* Work required: Look for the line that has "QTX 160.461UK QTFX-400" in the material below; please repeat it and every line after it, exactly, up to and including the line that has "Agenda civil semainier", and nothing else.

============================================================

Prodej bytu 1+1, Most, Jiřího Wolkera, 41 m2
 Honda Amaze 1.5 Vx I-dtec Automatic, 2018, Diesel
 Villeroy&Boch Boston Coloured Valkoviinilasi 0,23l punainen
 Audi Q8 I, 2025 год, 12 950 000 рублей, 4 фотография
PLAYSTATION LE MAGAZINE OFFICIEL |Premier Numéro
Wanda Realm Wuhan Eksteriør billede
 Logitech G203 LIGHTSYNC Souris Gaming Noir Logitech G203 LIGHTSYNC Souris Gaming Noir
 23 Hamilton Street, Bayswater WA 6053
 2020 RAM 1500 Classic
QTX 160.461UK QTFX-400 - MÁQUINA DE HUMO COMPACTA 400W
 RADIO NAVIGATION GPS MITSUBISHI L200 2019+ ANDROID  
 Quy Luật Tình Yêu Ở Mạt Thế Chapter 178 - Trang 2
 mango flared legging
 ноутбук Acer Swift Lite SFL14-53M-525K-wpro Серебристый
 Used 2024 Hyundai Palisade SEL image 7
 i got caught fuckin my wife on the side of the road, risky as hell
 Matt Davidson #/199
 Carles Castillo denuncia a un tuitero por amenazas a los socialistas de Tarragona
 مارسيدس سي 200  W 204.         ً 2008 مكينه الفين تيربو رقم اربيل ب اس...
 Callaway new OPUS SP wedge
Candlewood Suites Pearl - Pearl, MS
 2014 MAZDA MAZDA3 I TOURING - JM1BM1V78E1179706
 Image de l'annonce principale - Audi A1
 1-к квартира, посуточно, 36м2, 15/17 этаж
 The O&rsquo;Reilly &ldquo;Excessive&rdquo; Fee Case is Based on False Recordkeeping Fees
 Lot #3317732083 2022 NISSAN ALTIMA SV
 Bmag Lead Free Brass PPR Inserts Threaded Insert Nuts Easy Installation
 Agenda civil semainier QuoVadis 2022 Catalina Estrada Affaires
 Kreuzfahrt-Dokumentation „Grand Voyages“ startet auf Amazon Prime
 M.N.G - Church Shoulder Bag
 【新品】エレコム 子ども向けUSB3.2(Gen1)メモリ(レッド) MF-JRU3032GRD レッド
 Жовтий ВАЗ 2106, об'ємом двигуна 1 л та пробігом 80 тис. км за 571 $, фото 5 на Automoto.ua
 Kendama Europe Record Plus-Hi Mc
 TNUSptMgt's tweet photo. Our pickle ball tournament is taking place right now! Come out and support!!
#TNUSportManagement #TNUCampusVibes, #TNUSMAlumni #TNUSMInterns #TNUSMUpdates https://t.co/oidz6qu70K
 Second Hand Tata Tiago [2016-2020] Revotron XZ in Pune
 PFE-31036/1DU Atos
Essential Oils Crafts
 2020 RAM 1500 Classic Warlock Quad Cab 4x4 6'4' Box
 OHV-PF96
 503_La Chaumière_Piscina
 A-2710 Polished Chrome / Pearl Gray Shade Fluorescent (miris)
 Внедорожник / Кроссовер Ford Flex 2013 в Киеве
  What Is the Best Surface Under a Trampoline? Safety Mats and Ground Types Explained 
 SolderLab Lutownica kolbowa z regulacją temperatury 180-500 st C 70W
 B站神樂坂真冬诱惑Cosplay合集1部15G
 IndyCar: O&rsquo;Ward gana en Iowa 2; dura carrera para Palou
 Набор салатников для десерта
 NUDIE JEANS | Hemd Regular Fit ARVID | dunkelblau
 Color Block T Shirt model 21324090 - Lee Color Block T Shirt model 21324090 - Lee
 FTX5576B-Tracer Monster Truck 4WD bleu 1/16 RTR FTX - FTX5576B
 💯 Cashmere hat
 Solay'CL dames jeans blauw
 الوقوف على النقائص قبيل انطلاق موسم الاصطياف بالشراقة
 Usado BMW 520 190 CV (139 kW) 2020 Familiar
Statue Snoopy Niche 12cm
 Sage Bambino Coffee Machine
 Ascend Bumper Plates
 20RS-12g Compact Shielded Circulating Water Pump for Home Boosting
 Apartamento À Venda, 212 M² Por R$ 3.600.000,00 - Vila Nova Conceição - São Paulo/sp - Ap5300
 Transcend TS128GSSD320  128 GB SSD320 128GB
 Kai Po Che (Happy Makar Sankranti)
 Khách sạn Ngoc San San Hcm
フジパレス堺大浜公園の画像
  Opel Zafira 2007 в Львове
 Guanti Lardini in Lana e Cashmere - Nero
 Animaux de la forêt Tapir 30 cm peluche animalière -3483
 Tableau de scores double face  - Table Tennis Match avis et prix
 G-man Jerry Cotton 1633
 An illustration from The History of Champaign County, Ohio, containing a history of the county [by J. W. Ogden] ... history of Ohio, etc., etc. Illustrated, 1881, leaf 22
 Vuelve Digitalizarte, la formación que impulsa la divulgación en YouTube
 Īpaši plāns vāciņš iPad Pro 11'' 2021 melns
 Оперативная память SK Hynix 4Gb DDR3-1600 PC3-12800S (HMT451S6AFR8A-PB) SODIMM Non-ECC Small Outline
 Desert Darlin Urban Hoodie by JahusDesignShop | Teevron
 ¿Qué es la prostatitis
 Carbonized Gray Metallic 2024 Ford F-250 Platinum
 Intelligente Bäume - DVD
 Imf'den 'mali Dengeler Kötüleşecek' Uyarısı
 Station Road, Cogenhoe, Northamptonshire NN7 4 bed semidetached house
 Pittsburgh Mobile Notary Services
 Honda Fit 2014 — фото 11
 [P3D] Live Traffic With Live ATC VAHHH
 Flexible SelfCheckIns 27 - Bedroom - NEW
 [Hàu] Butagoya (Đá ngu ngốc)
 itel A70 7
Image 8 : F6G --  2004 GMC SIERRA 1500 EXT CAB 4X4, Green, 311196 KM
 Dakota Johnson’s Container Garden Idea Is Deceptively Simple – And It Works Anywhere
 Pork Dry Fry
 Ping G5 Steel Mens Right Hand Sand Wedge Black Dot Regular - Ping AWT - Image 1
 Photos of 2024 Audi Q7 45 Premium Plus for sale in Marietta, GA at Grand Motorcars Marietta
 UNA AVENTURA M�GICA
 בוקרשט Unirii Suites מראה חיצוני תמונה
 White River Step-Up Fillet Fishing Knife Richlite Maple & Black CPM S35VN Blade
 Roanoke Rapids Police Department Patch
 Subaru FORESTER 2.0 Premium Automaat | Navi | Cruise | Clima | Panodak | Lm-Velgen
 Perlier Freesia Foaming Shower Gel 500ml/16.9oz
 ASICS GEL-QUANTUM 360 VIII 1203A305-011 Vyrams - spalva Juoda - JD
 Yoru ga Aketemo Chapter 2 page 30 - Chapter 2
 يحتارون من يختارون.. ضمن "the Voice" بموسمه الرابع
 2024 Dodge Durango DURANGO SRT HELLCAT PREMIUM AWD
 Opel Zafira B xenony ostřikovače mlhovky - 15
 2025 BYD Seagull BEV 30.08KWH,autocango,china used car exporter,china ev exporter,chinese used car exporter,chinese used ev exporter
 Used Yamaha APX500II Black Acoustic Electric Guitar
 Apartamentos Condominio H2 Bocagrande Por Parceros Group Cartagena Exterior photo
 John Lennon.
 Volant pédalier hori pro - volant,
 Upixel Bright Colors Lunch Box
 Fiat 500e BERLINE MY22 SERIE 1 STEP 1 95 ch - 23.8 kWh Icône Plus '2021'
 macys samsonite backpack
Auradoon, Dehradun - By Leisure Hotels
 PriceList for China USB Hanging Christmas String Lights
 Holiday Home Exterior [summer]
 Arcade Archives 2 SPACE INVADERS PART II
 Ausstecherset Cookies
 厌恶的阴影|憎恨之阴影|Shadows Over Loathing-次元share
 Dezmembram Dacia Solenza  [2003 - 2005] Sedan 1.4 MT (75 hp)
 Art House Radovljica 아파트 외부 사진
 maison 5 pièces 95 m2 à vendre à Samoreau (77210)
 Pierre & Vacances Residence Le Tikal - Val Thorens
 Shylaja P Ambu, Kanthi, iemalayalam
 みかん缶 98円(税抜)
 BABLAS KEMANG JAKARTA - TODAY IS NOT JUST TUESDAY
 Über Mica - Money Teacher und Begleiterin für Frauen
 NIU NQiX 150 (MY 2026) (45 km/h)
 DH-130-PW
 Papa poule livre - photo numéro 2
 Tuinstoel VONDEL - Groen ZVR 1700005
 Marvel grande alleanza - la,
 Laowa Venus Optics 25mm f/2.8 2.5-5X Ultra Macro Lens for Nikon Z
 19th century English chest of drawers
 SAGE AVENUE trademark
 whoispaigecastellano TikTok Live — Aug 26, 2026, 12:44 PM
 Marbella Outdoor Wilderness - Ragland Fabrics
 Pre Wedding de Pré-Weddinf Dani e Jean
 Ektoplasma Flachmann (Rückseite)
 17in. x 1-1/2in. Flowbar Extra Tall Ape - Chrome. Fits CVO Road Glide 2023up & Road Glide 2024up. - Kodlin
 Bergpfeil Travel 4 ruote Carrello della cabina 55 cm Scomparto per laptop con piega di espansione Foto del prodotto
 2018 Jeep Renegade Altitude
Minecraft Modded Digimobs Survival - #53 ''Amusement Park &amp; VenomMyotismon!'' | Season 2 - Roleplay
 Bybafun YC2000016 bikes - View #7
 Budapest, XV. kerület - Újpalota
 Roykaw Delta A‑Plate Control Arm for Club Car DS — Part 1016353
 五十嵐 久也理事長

============================================================

* Answer space:
QTX 160.461UK QTFX-400 - MÁQUINA DE HUMO COMPACTA 400W
 RADIO NAVIGATION GPS MITSUBISHI L200 2019+ ANDROID  
 Quy Luật Tình Yêu Ở Mạt Thế Chapter 178 - Trang 2
 mango flared legging
 ноутбук Acer Swift Lite SFL14-53M-525K-wpro Серебристый
 Used 2024 Hyundai Palisade SEL image 7
 i got caught fuckin my wife on the side of the road, risky as hell
 Matt Davidson #/199
 Carles Castillo denuncia a un tuitero por amenazas a los socialistas de Tarragona
 مارسيدس سي 200  W 204.         ً 2008 مكينه الفين تيربو رقم اربيل ب اس...
 Callaway new OPUS SP wedge
Candlewood Suites Pearl - Pearl, MS
 2014 MAZDA MAZDA3 I TOURING - JM1BM1V78E1179706
 Image de l'annonce principale - Audi A1
 1-к квартира, посуточно, 36м2, 15/17 этаж
 The O&rsquo;Reilly &ldquo;Excessive&rdquo; Fee Case is Based on False Recordkeeping Fees
 Lot #3317732083 2022 NISSAN ALTIMA SV
 Bmag Lead Free Brass PPR Inserts Threaded Insert Nuts Easy Installation
 Agenda civil semainier QuoVadis 2022 Catalina Estrada Affaires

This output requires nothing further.